Stephen Colebourne said in an interview at last year’s JAX London that “Java 8 will satisfy us for a good few years until there’s something really big and important.” If that “something” is Java 11, only time will tell.
As you surely already know, public updates for Java 8 will remain available for individual, personal use through at least the end of 2020 but business users won’t be that lucky — the ‘public updates’ tap will be turned off in January 2019. That said, it’s time to start thinking about the future.
In a message to the OpenJDK mailing list, Andrew Haley, Java Platform Lead Engineer at Red Hat urged Java developers to get involved with OpenJDK. This makes a lot of sense since Red Hat’s Rich Sharples told us yesterday that “OpenJDK is the future of Java” so if you want to be involved in Java’s development, this is how to do it.
If you’re already a JDK 8u committer or reviewer, that’s great. If you’re involved in OpenJDK but you’re not a JDK 8u committer, you should get someone to propose you as a JDK 8u committer, Haley explained. If you’re not an OpenJDK committer, you should submit some patches in order to get committer status.

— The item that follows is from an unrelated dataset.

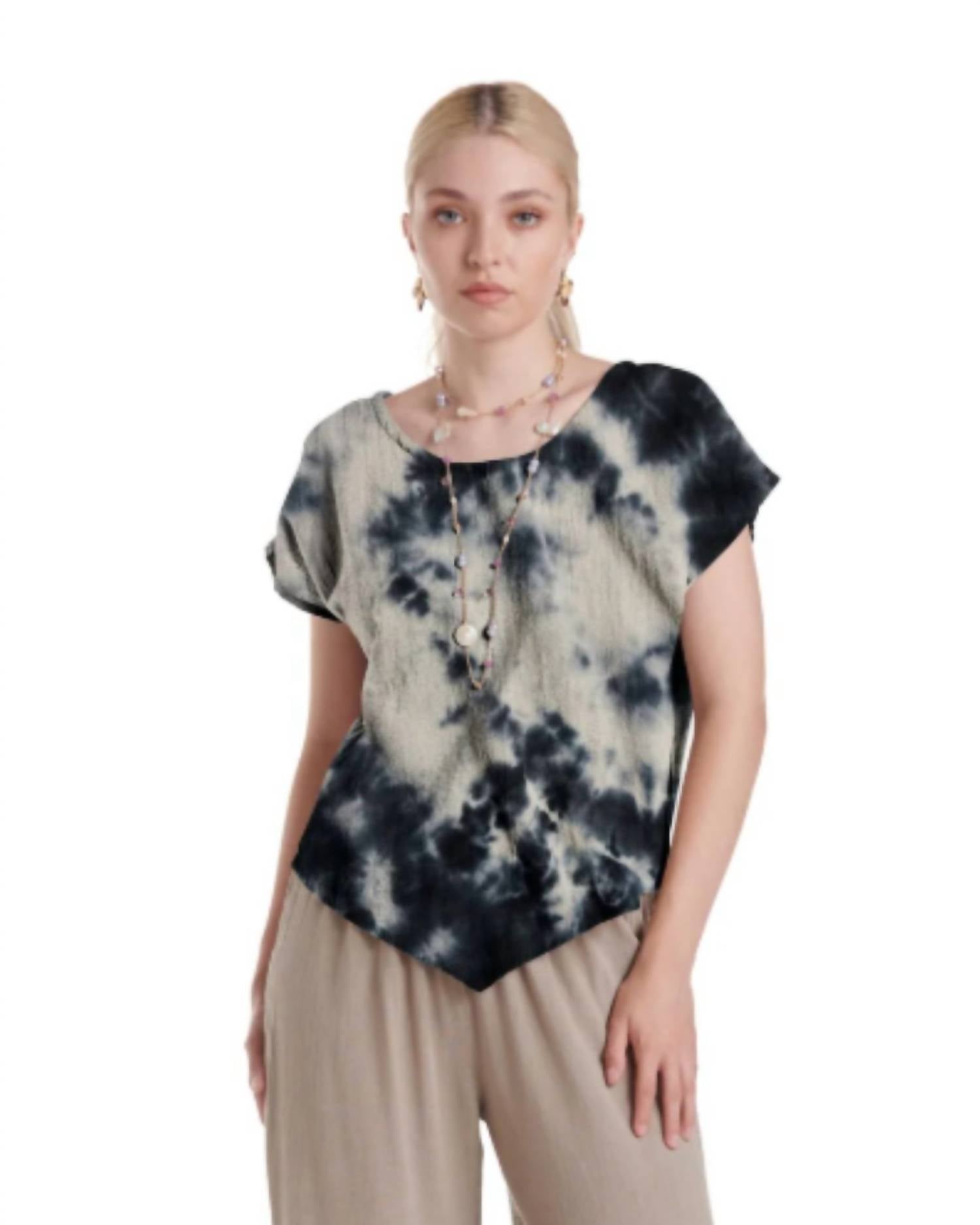 Oh My Gauze! Grace Cotton Top in marble black - women's t-shirt - alternate view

It’s important to get involved now because once Oracle relinquishes their leadership and the community takes over, they “won’t have much bandwidth to sponsor your patches if you don’t have commit access,” Haley warned. Therefore, it would be a good idea to act now.
Above all, thank you in advance to everyone who’ll be working on jdk8u. I think we can make a real success of this, for a long time to come.
– Andrew Haley
Java 8 reigns supreme ?!
Earlier this year [right before Java 10 was released], we asked JAXenter readers what Java version(s) they were using. Almost 250 people said they were still using Java 8, but this doesn’t mean they were using it for personal purposes. As one respondent pointed out in the comments section, this doesn’t automatically mean they are using it because they want to, but because they have to —in a business context. That said, January 2019 is a pretty important date for business users who don’t have commercial license.

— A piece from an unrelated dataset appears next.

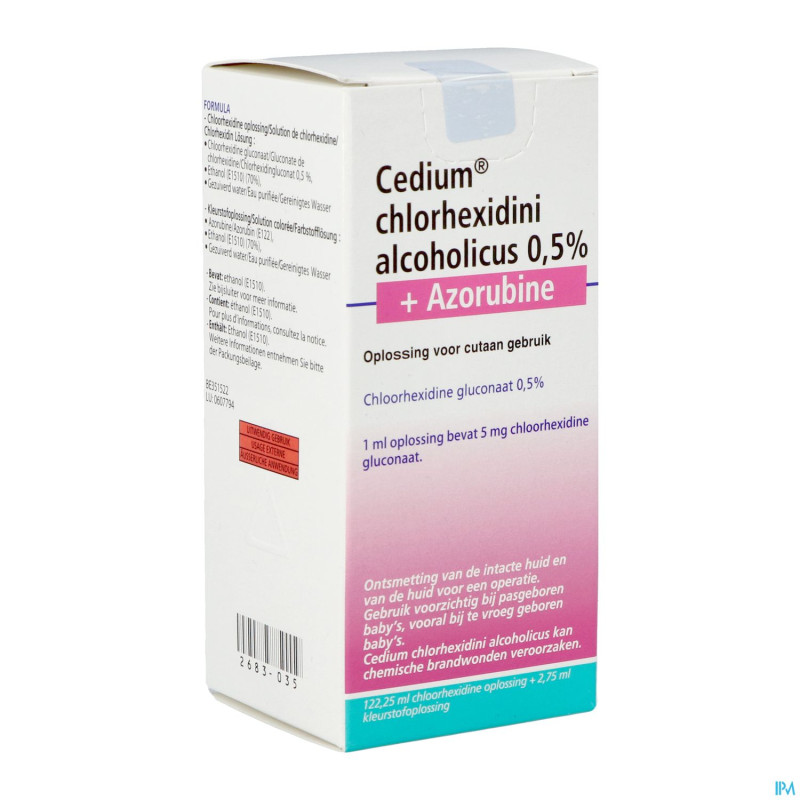 Cedium chlorhexidini gluc alc 0,5% 125ml+azorubine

Java 8’s popularity shouldn’t come as a shock, though. When Java 9 was released, we naturally expected that it would take some time getting used to it. When Java 11 was released, we asked nine Java experts if the latest release is important enough to dethrone Java 8. The answer is more nuanced but we tried to narrow it down.
With Java 11 enforcing modularity, this will be the first real migration milestone for many projects. We now have a reasonable number of experiences about how to use the module system and how to migrate and build new software on top.
– Markus Eisele
Read the entire interview series here.
Since a lot of people are still using JDK 8 [for business purposes], it’s safe to assume that it should be kept alive and it will, as Haley explained. If you want to be part of JDK 8u’s future, now’s the time to get involved.